Queens lawmaker’s bill mandating New York colleges to effectively investigate and report hate crimes passes state Assembly

Photo courtesy of Rosenthal’s office

Assembly member Daniel Rosenthal’s legislation, Hate Crime Reporting on College Campuses (A.3694), which will require colleges that receive state funding to modernize and enhance their disclosure of hate crimes that occur on campus, passed the New York state Assembly.

The legislation mandates colleges in New York State to implement a plan to effectively investigate hate crimes on campus and require colleges to inform incoming students about hate crime prevention measures.
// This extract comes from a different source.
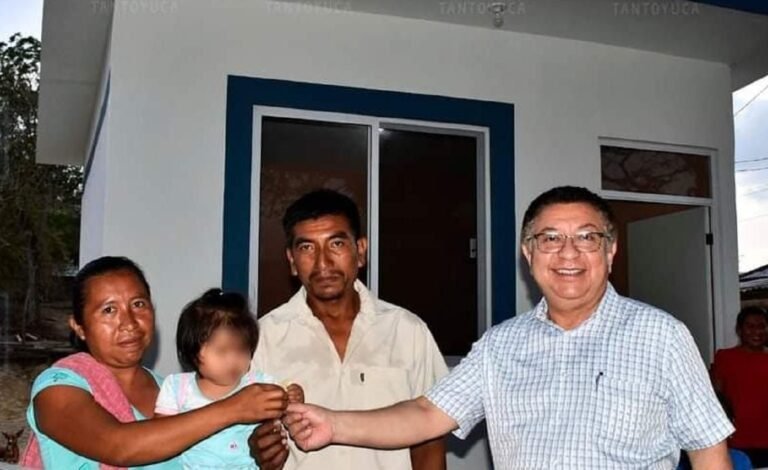 Inauguran cuartos dormitorio en Pensador Mexicano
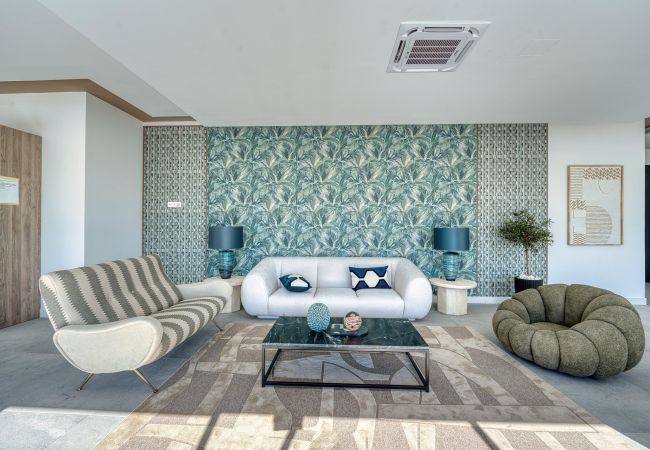 Ferienwohnung in Estepona - 3020 Luxus-Duplex mit Blick auf Afrika und Gibraltar Ferienwohnung in Estepona - 3020 Luxus-Duplex mit Blick auf Afrika und Gibraltar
Colleges will now be obligated to disclose hate crimes that occur on their campuses on their website. 

“Every student has the right to feel safe and protected on their college campus,” Rosenthal said. “We will not allow educational institutions that claim to embrace free speech, understanding and inclusivity to become asylums of antisemitism, bigotry and hostility.”

New York’s current statute regarding hate crimes on college campuses has not been updated in nearly two decades and does not reflect significant advancements in technology, according to Senator Toby Ann Stavisky. 

Stavisky said Rosenthal’s legislation will update the current law by requiring all colleges to report bias crimes on their websites and that it be reported in a separate, clearly designated category of crime. 

“We must make sure New York’s diverse college campuses are safe spaces for students of all races, ethnicities and creeds,” Stavisky said. “Unfortunately, the recent spread of disgraceful and harmful public rhetoric has led to a disturbing rise in acts of hate across our state and our nation.” 

The legislation is a critical step toward addressing the issue of hate crimes on college campuses. With the rising number of hate crimes across the country, particularly against marginalized communities, it is essential to ensure that colleges are equipped to prevent, investigate and report these incidents effectively.

Rosenthal expressed his gratitude to his colleagues and advocates who helped pass this critical legislation and looks forward to continuing his work to make New York a safer and more inclusive place for all.